Album: I Have My Liberty!: Gospel Sounds from Accra, Ghana

Label: Dust-to-Digital

Review date: Jan. 19, 2012


Like so many other of Africa’s cities, Accra, Ghana is a sprawling and ever-growing mess. People stream in from the grindingly poor countryside to try to better their lot (the housing may go up fast, but at least 84% of it has walls of cement, which is nearly twice the national average) or at least make a living. Consider the stress that comes from drastic social change, migration, and economic turbulence, and it’s not a big surprise that many people rely on ecstatic religious experience to get them through. According to Ghana’s Wikipedia page, its citizens speak 79 different languages, but over two thirds of them are Christian; Accra has hundreds, maybe thousands of churches to minister to them.

In 2008 Calpin Hoffman-Williamson, a sound engineer from Philadelphia, spent a season in recording the music he heard in charismatic services around town.

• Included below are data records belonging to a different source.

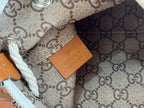 GUCCI SMALL DRAWSTRING SHOULDER BAG 21 IN WHITE CANVAS BROWN CALFSKIN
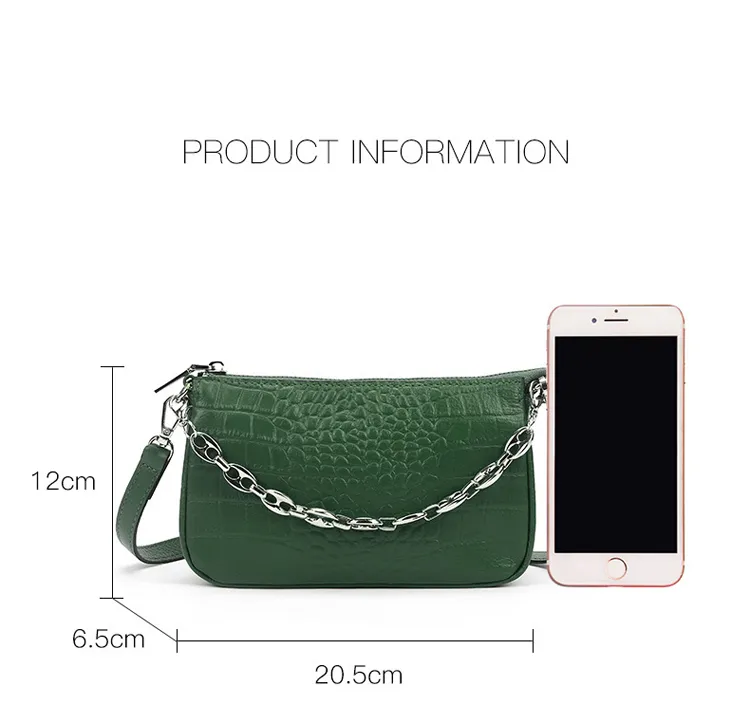 Fashionable Cross-Body Women Genuine Leather Handbag with Crocodile Striped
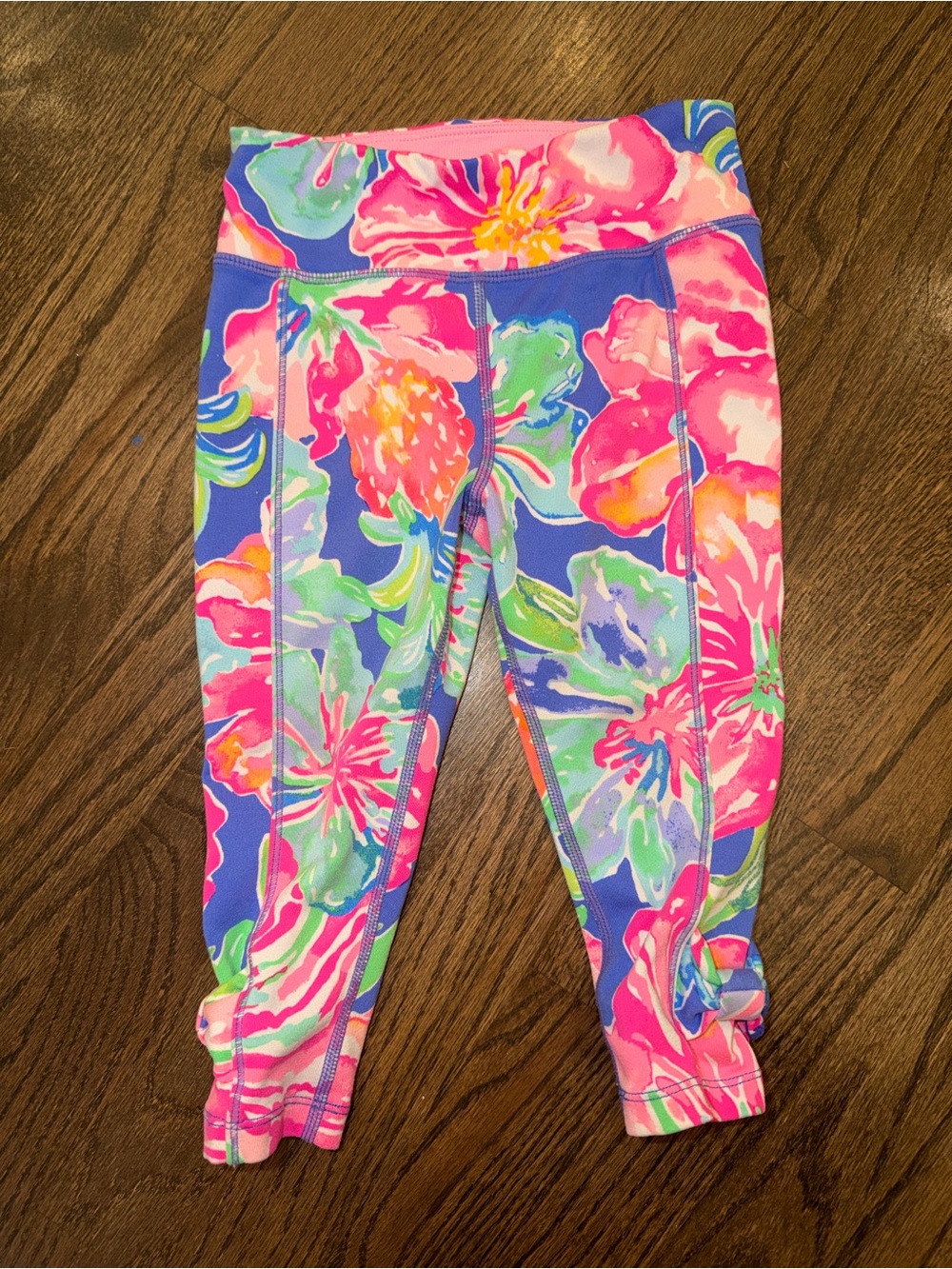 Lilly Pulitzer Luxletic Bright Floral Multicolor Girls Leggings - SIZE 2/3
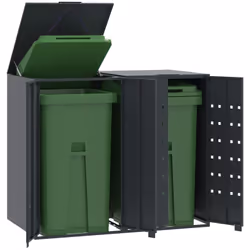Ce rangement pour poubelles à roulettes cache discrètement vos poubelles dans le jardin, transformant votre espace extérieur ...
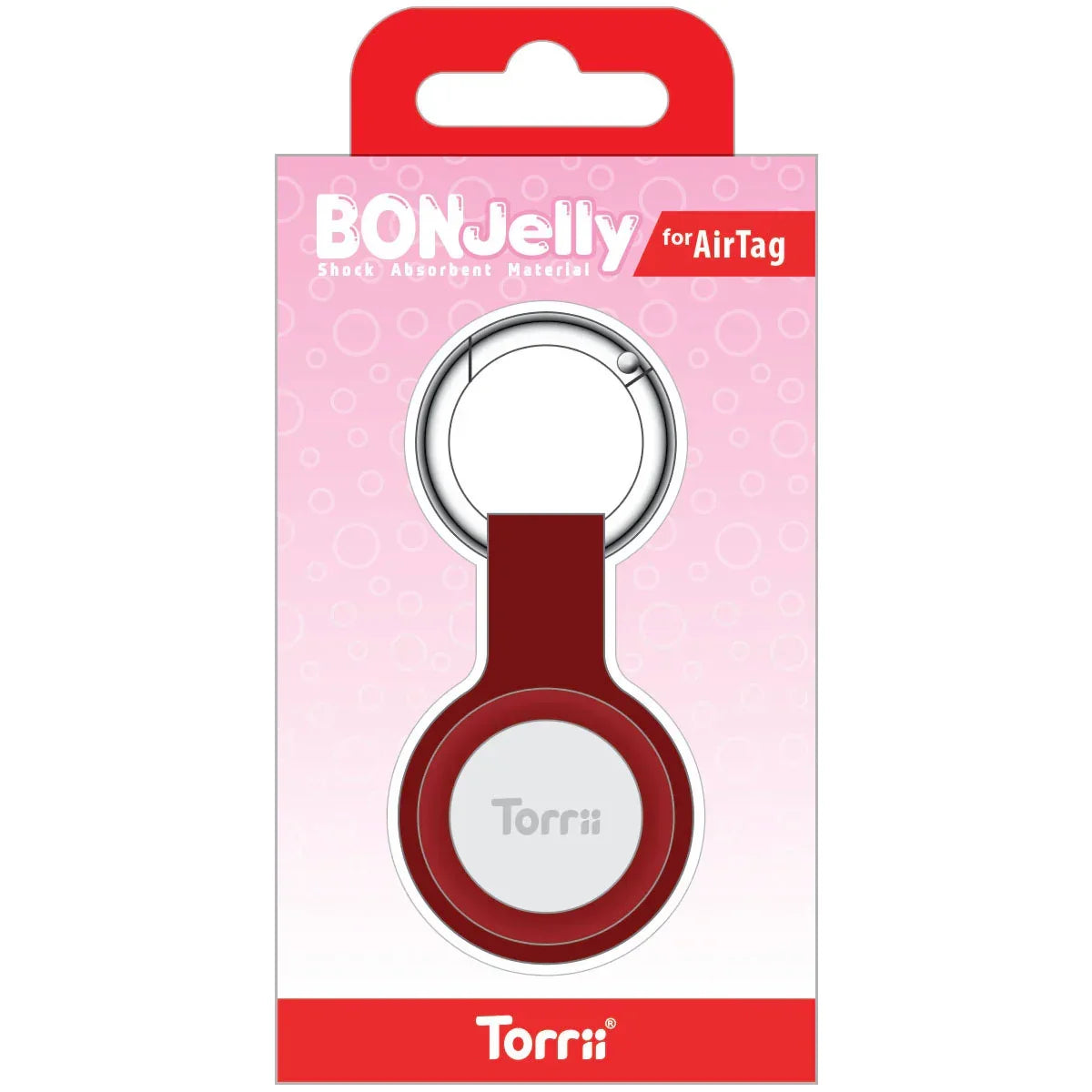 Torrii Bonjelly Silicone Key Ring For Apple Airtag - Red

Contemporary Ghanaian popular music is slick, studio-based stuff, with synthesizers, programmed beats, and hip-hop-inspired vocals. By comparison, this stuff is pretty raw, but also inclusive and accessible. The music ranges from full bands playing loping highlife or choppy reggae to a loaned keyboard playing blocky chords not too different from those you could hear at a dozen churches on Chicago’s south or west side next Sunday. Sometimes the congregation supplies all the sound; stately percussion, frantic handclaps, or just their voices. English is the lingua franca in Ghana, but that doesn’t mean that everyone understands it; some pieces have one preacher imparting the gospel pretty much the way you’d hear it here while another voice paces him or her (many of the services seem to be led by women), delivering the message in another language. Other songs come in tongues that the accompanying notes don’t even try to identify.

The booklet inside tries to give a sense of place by showing the churches, stills from services in progress, and text that makes a case for Ghanaian gospel music as a place where the old and new commingle without the burden of professionalism. People don’t need to be virtuoso performers; they just have to have the spirit. As a listening experience, that access cuts both ways. It’s hard not to get carried along with the joy and drive of most of this CD’s 25 tracks, but there are moments where one wishes that the unisons were a bit less polyphonic. But if you want your contemporary Ghanaian sounds done right, there’s always Jon Germain.